#### Task material
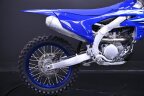 Thumbnail Photo 5 for New 2025 Yamaha YZ250F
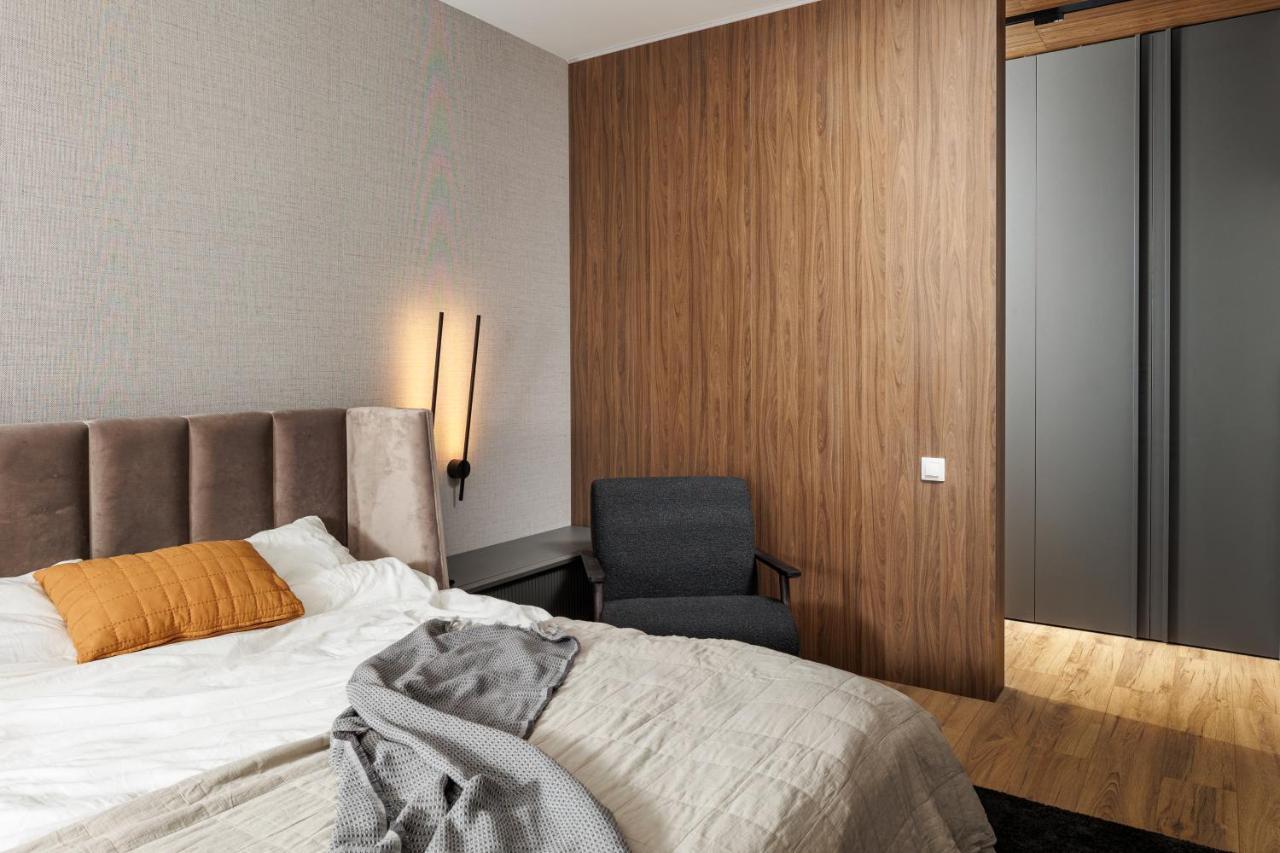 Mandala Designer Apartments With Free Private Parking, Near Mall Coresi Brașov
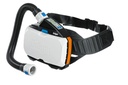 Dräger X-plore 8700 EX Powered Air Purifying Respirator , Complete Kit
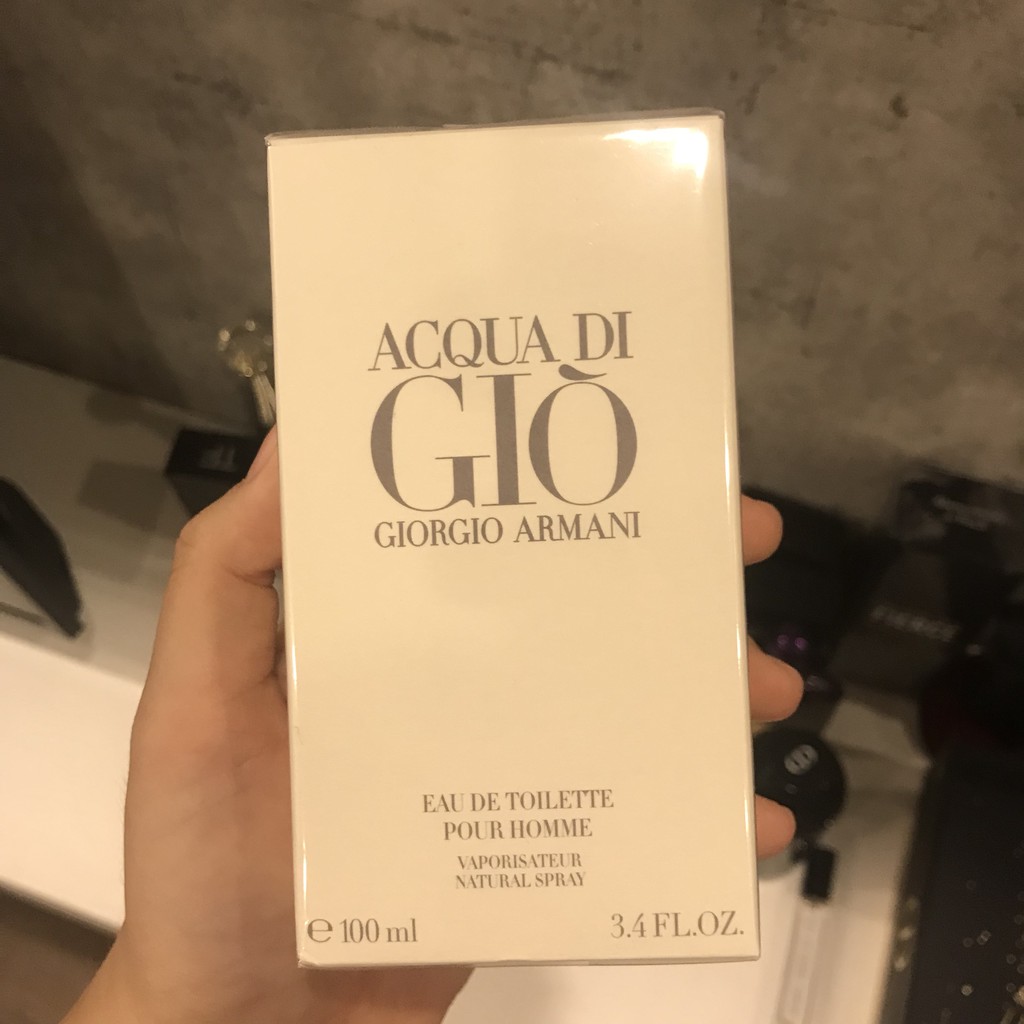 [ Mẫu thử ] Nước hoa 𝐀𝐜𝐪𝐮𝐚 𝐃𝐢 𝐆𝐢𝐨 trắng | BigBuy360 - bigbuy360.vn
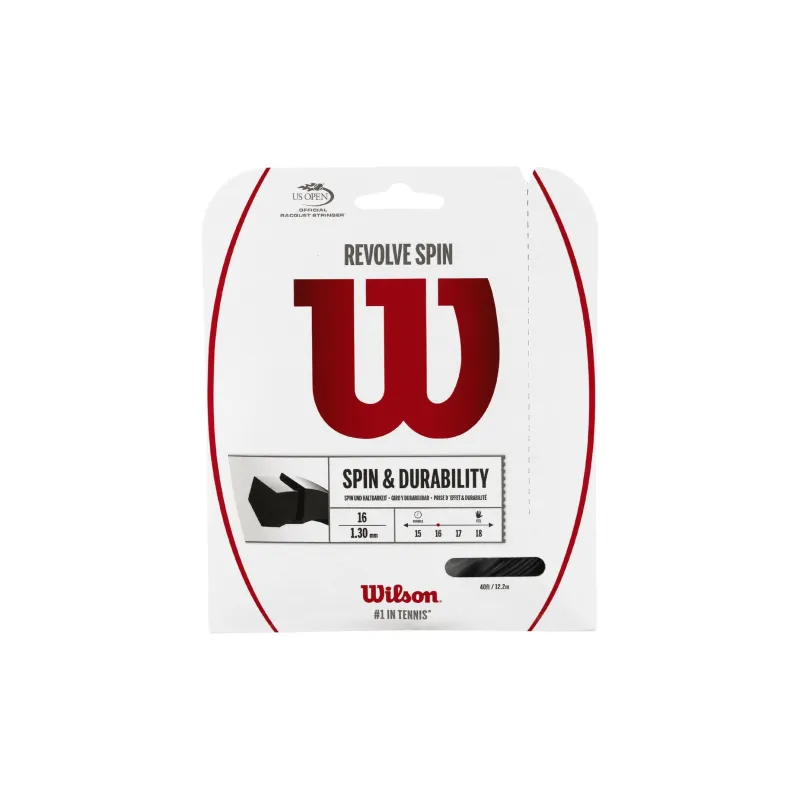 Wilson Tennis Racket Strings 12.2 M-2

#### Exercise requirements
For this exercise, print all of the entries exactly as they appear, but without pictures.

#### Task solution
 Thumbnail Photo 5 for New 2025 Yamaha YZ250F
 Mandala Designer Apartments With Free Private Parking, Near Mall Coresi Brașov
 Dräger X-plore 8700 EX Powered Air Purifying Respirator , Complete Kit
 [ Mẫu thử ] Nước hoa 𝐀𝐜𝐪𝐮𝐚 𝐃𝐢 𝐆𝐢𝐨 trắng | BigBuy360 - bigbuy360.vn
 Wilson Tennis Racket Strings 12.2 M-2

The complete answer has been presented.